Add to end of 13/2: The execution time value for the Clock_For_Interrupts is initialised to zero.

Add to Dynamic Semantics [Where? After D.14(18/2)?? Editor.]

The function Clock_For_Interrupts returns the total cumulative time spent executing within all interrupt handlers. This time is not allocated to any task execution time clock. If Interrupt_Clocks_Supported is set to False the function will return a value equal to Time_Of(0).

This clause describes a language-defined package to measure the execution time of interrupt handlers.
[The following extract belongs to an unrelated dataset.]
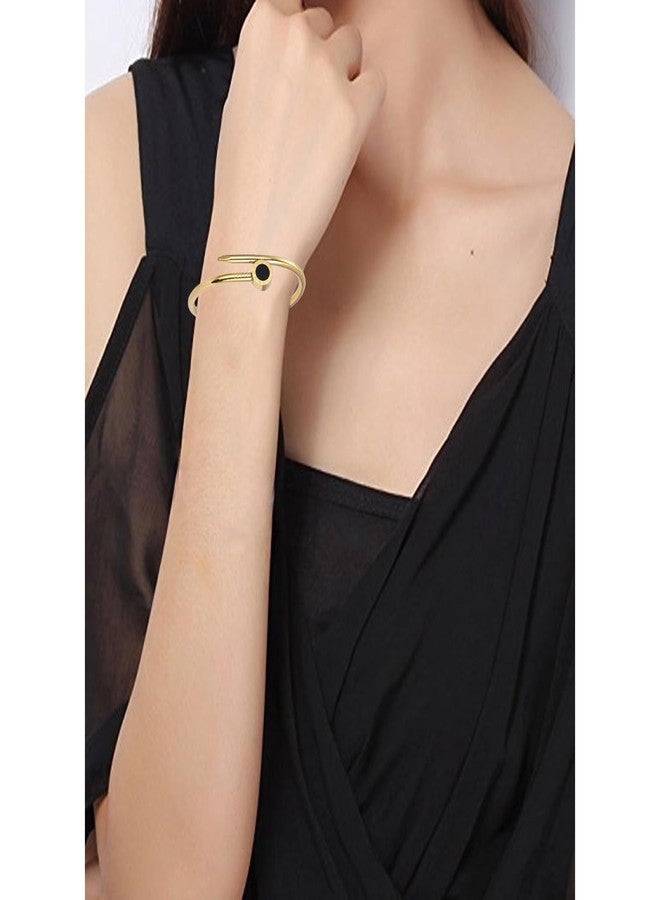 Okos Gold Plated Fashion Jewellery Stainless Steel Anti Tarnish Cuff Band Style Bangle Bracelet And Nail Style Combo Pack of 2 with White CZ Stones For Girls and Women CO1000482GLD - Image 5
Static Semantics The following language-defined library exists:

with Ada.Interrupts; package Ada.Execution_Time.Interrupts is function Clock (I : Ada.Interrupts.Interrupt_ID) return CPU_Time; function Supported (I : Ada.Interrupts.Interrupt_ID) return Boolean; end Ada.Execution_Time.Interrupts;

The execution time or CPU time of a given interrupt I is defined as the time spent by the system executing interrupt handlers identified by I, including the time spent executing run-time or system services on its behalf. The mechanism used to measure execution time is implementation defined. Time spent executing interrupt handlers is distinct from time spent executing any task.

For each interrupt ID, the execution time value is initially set to zero.

Dynamic Semantics The function Clock returns the current cumulative execution time of the interrupt identified by I. If Separate_Interrupt_Clocks_Supported is set to False the function will always return a value equal to Ada.Execution_Time.Time_Of(0).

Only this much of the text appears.